Monday, February 25, 2008

random quotes and notes

(Article taken from The Economist, sometime in Nov or Dec, 2007, dunno, I’ve since lost the article)
A prize for “ achievements in African leadership” worth $5M, plus $200,000 a year for life, to an African leader who “best provides security, health, education and economic development and who democratically transfers power to a successor.

“Two scholars… are helping Mr Ibrahim assess the nominees and measure countries’ performance – by such criteria as safety and security, rule of law and corruption, participation and human rights, economic opportunity and human development.”
--
The Index of Development, Poverty.
The world has many problems. Many of these problems could easily be solved with more effort from people from the developed world. However, people in the developed world don’t have incentives because they, like people anywhere, are selfish. They want something for their work. They want physical representation of their contribution to humanity - they want money.

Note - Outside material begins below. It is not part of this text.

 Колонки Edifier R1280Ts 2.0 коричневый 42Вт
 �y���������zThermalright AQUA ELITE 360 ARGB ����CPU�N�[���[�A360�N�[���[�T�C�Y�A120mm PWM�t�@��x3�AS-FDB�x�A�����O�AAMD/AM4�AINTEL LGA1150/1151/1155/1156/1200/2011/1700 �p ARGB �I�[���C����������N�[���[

What Mo Ibrahim has done, is put a price tag on successful development work.

A website needs to be developed to offer a system for people to earn rewards for their achievements in the development world. A financial incentive caters to the natural instinctive to be selfish and gets development done.

Ibrahim rates his African leaders “by such criteria as safety and security, rule of law and corruption, participation and human rights, economic opportunity and human development.”

Let’s break down his criterion for judgment –
Safety and security – sounds like the military to me
Rule of law and corruption – that’d be the judicial system, governed by the administration
Participation and human rights – umm, natural court system? Okay, weak.
Economic opportunity – sounds like the Peace Corps? And other grassroots biz dev organizations
Human development – I don’t even know what this is?

There should be nice-looking financial incentives set by do-gooders through donations, for tax-credit, that award people’s effort in development work.

Individual’s, involved or uninvolved and informed, are free to make a case and offer money, open an account and begin the reward.

Possible ideas,
Index of Corruption,

A reward system to give money to people who open up the communication of their government. Rated on a system of variables, governments are annually rewarded by the developed world.

If governments were smart, they would take the rewards and invest them in the people who gave them money.

Indexing is the reverse of taxation. Instead of building a system that requires people to give money to a certain institution, ie - a government in power, have a system that people give money to, out of both benign investment and greed. The more greedy you are, the more you believe that person will make you money. Sometimes, even if you’re bad, it might pay off.